En consecuencia, y con acogimiento del recurso interpuesto se impone la revocación de la resolución impugnada y con ella la estimación parcial de la demanda interpuesta.
QUINTO.- De conformidad con lo dispuesto en los arts. 394 y 398 LEC 1/2000 , no ha lugar a especial pronunciamiento respecto de las costas procesales ocasionadas en ambas instancias.
Vistos los preceptos legales citados y demás disposiciones normativas de general y pertinente aplicación
Fallo
En méritos de lo expuesto, con ESTIMACIÓN PARCIAL del recurso de apelación interpuesto por la representación procesal de Doña Marta frente a la sentencia dictada por la Sra. Juez del Juzgado de Primera Instancia núm. 1 de los de Pozuelo de Alarcón (Madrid) en fecha 7 de julio de 2006, en los autos de procedimiento ordinario seguidos ante dicho órgano con el núm. 0273/2005, procede:
1.º REVOCAR la expresada resolución y en su lugar dictar la siguiente:
«Con ESTIMACIÓN PARCIAL de la demanda interpuesta por la representación procesal de Doña Marta frente a la Comunidad de Propietarios « DIRECCION000 », procede:
1.- NO HABER LUGAR a dejar sin efecto el acuerdo adoptado en la junta de 23 de febrero de 2005 en el punto 1.º relativo a la aprobación del presupuesto para el año 2005 sin ningún voto en contra;
2.- HABER LUGAR a dejar sin efecto el acuerdo adoptado en la junta de 23 de febrero de 2005 en relación con el punto 2.º en cuanto a que se deja constancia de que el presupuesto aprobado se ajustará a la respuesta del Colegio respecto del gasto por lectura de los contadores particulares, en caso de que éste dé una opinión concluyente al respecto»
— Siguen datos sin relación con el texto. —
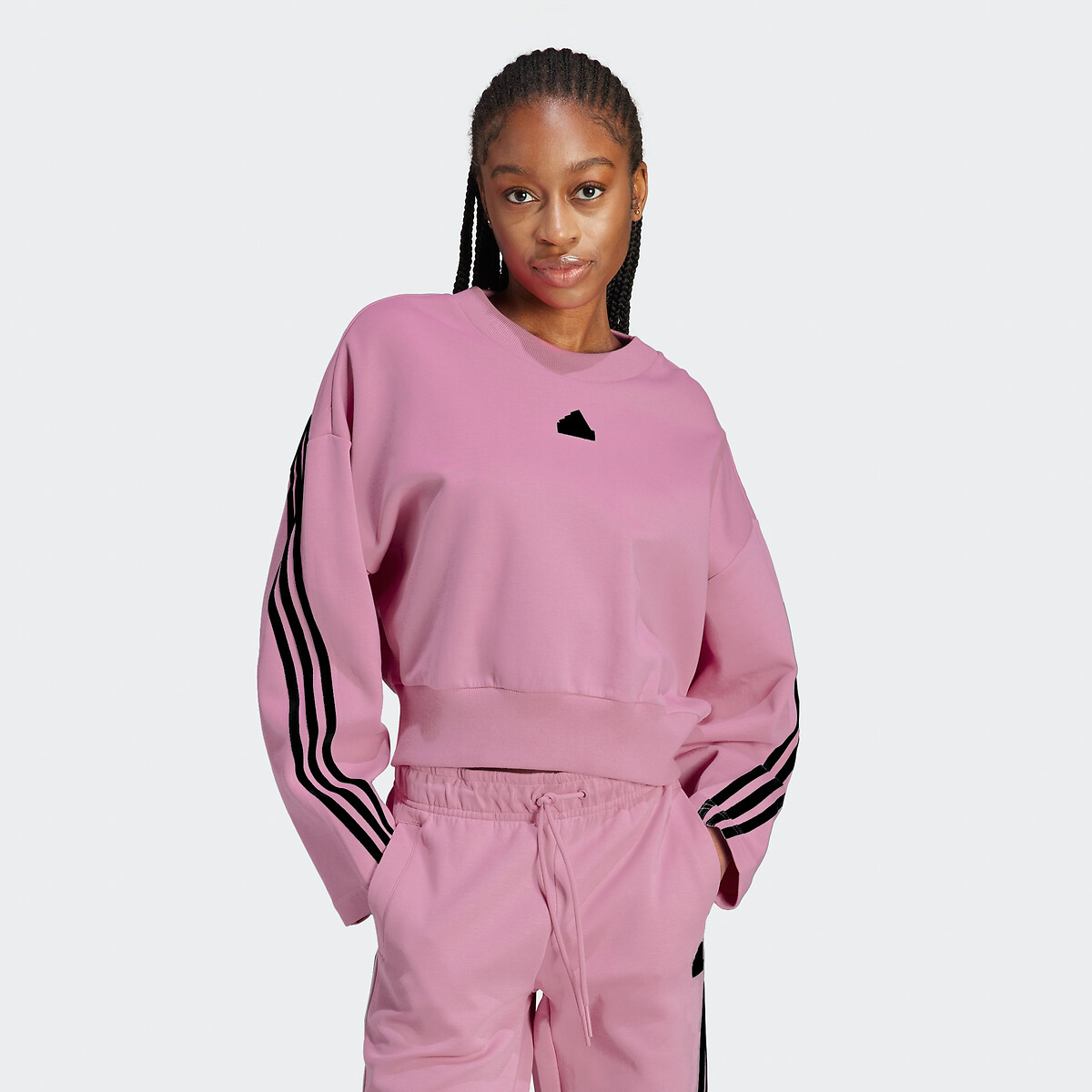 Sweatshirt 3-Stripes Future Icons von ADIDAS SPORTSWEAR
3.- NO HABER LUGAR a especial pronunciamiento respecto de las costas procesales ocasionadas en la sustanciación de la primera instancia.
2.º NO HABER LUGAR a especial pronunciamiento respecto de las costas procesales ocasionadas en la sustanciación de esta alzada.
Notifíquese la presente resolución a las partes en legal forma previniéndoles que contra la misma NO CABE interponer recurso alguno ordinario.
Así por esta nuestra Sentencia, de la que se unirá certificación literal y autenticada al Rollo de Sala núm. 0786/2006 lo pronunciamos y firmamos.
PUBLICACIÓN.- Firmada la anterior resolución es entregada en esta Secretaría para su notificación, dándose publicidad en legal forma, y se expide certificación literal de la misma para su unión al rollo. Certifico.